1. Sequence alignment
In order for sequences to be analyzed, they need to be arranged in a way that allows for comparing homologous regions. This process is called sequence alignment.
Nextclade performs pairwise alignment of the provided (query) sequences against a given reference (root) sequence using a banded local alignment algorithm with affine gap-cost. The band width and rough relative positions of query and reference sequence are determined through seed matching. Seed matching consists of finding several small fragments, seeds, where the reference and query sequence match exactly. Nextclade finds these matches using an FM-index. To improve sensitivity, Nextclade searches for exact matches while ignoring every third base, that is a matching pattern like
X is matched and
. ignored. This pattern allows to ignore the majority of synonymous mutations that happen at the third position in codons. The number of seeds, as well as their length, spacing are configurable in Nextclade CLI.
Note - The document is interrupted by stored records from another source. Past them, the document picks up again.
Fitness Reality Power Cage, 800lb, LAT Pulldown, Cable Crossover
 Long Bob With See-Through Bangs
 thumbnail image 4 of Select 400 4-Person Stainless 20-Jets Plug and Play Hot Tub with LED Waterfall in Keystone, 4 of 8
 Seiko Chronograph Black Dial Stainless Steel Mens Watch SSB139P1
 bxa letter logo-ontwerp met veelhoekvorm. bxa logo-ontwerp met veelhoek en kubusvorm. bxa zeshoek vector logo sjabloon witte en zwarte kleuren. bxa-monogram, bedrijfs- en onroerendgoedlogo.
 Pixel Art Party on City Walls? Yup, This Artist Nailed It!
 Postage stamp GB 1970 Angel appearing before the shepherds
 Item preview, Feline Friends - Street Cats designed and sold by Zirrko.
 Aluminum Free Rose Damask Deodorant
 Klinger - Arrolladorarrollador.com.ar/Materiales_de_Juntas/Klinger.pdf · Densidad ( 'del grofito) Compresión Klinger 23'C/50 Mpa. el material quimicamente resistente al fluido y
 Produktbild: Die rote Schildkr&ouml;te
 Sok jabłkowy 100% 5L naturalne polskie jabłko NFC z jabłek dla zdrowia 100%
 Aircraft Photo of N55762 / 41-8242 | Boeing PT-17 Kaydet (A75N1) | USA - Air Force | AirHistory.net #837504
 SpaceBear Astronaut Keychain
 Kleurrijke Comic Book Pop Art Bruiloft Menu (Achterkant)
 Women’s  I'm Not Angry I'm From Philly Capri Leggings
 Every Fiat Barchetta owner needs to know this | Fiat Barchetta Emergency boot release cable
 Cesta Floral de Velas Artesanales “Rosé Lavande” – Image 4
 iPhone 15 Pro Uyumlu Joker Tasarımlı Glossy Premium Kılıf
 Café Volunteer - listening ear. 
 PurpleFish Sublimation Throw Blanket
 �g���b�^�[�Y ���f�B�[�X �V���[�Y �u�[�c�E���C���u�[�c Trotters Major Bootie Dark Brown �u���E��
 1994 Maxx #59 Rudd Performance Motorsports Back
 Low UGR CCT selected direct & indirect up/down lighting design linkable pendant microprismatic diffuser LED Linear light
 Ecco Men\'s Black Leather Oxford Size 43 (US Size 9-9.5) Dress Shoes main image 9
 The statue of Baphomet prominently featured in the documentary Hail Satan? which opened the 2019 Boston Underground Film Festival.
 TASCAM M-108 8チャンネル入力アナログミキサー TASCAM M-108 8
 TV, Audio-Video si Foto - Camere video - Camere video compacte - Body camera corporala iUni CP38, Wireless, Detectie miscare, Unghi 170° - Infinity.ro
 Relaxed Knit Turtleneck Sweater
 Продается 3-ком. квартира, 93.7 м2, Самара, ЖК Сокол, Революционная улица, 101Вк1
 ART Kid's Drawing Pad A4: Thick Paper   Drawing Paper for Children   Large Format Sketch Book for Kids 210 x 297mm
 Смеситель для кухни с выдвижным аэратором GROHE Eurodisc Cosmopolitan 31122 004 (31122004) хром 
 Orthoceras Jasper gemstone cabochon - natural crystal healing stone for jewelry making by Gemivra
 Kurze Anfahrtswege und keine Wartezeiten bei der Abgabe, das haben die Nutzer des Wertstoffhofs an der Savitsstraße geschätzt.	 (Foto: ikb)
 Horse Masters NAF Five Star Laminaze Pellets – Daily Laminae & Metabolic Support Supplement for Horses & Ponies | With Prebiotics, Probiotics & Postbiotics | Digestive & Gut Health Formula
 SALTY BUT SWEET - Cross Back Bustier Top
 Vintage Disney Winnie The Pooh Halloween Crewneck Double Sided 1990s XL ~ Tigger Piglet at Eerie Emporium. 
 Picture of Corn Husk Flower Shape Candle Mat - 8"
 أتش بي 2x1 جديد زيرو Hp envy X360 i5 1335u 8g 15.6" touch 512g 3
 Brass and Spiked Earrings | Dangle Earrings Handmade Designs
Seed matches are then extended while allowing for a small number of mismatches in a sliding window (configurable) and pruned to an optimal chain of seeds in ascending order on query and reference sequences.
If the resulting chain of seeds covers a sufficient fraction of the query sequence (configurable), the relative positions of these seeds are used to estimate the shift of the query sequence relative to the reference and the amount of insertion/deletions between successive seeds.
These estimates are used to construct a band of variable width that covers the full alignment with high probability. The width of this band is configurable via parameters that determine the width around insertions or deletions between seeds (
--excess-bandwidth) and at the end of the sequence (
--terminal-bandwidth). The width of the band along the extended seed matches is controlled by the number of mismatches allowed during seed extension.
The alignment algorithm is a variation of the classic Smith–Waterman algorithm restricted to the band.
If the optimal alignment path hits the boundary of the allowed band, the parameters controlling the band are relaxed and alignment is redone.
To prevent Nextclade from running out of memory during the alignment process, the total area of the band is limited to a configurable maximum (
--max-band-area) and a query sequence that requires a larger band will be skipped.
After alignment, Nextclade strips insertions relative to the reference from the aligned sequences and lists them in a separate file. As a result, each sequence is reported in coordinates of the reference sequence.
The algorithm aims to be sufficiently fast for running in the internet browser of an average consumer computer, by trading width of the alignment band for improved runtime performance. We found that it works well for most sequences, but for a minority of sequences indel variation not captured by seed matches might result in sub-optimal alignments.
By default, alignment is only attempted on sequences longer than 100 nucleotides (configurable), because alignment of shorter sequences may be unreliable. If alignment fails, Nextclade will optionally attempt to align the reverse complemented sequence.
Nextclade can use a genome annotation to make the alignment more interpretable. Sometimes, the placement of a sequence deletion or insertion is ambiguous as in the following example. The gap could be moved forward or backward by one base with the same number of matches:
Reference : ... | GTT | TAT | TAC | ...
Alignment 1: ... | GTT | --- | TAC | ...
Alignment 2: ... | GT- | --T | TAC | ...
Alignment 3: ... | GTT | T-- | -AC | ...
If a genome annotation is provided, Nextclade will use a lower gap-open-penalty at the beginning of a codon (delimited by the
| characters in the schema above), thereby locking a gap in-frame if possible. Similarly, Nextclade preferentially places gaps outside of genes in case of ambiguities.
Alignment may fail if the query sequence is too divergent from the reference sequence, i.e. if there are many differences between the query and reference sequence. The seed matching step may then not be able to find a sufficient number of similar regions. This may happen due to usage of an incorrect reference sequence (e.g. from a different virus or a virus from a different host organism), if analysed sequences are of very low quality (e.g. containing a lot of missing regions or with a lot of ambiguous nucleotides) or are very short compared to the reference sequence.
⚠️ Analysis steps that follow the step alignment will ignore sequence regions before and after the alignment range, as well as unsequenced regions (consecutive gap (
-) character ranges on the 5’ and 3’ ends). The exact alignment range is indicated as “Alignment range” in the analysis results table of Nextclade Web and
alignmentEndin the output files of Nextclade Web and Nextclade CLI.
The alignment step results in aligned nucleotide sequences, which are being produced in the form of a fasta files.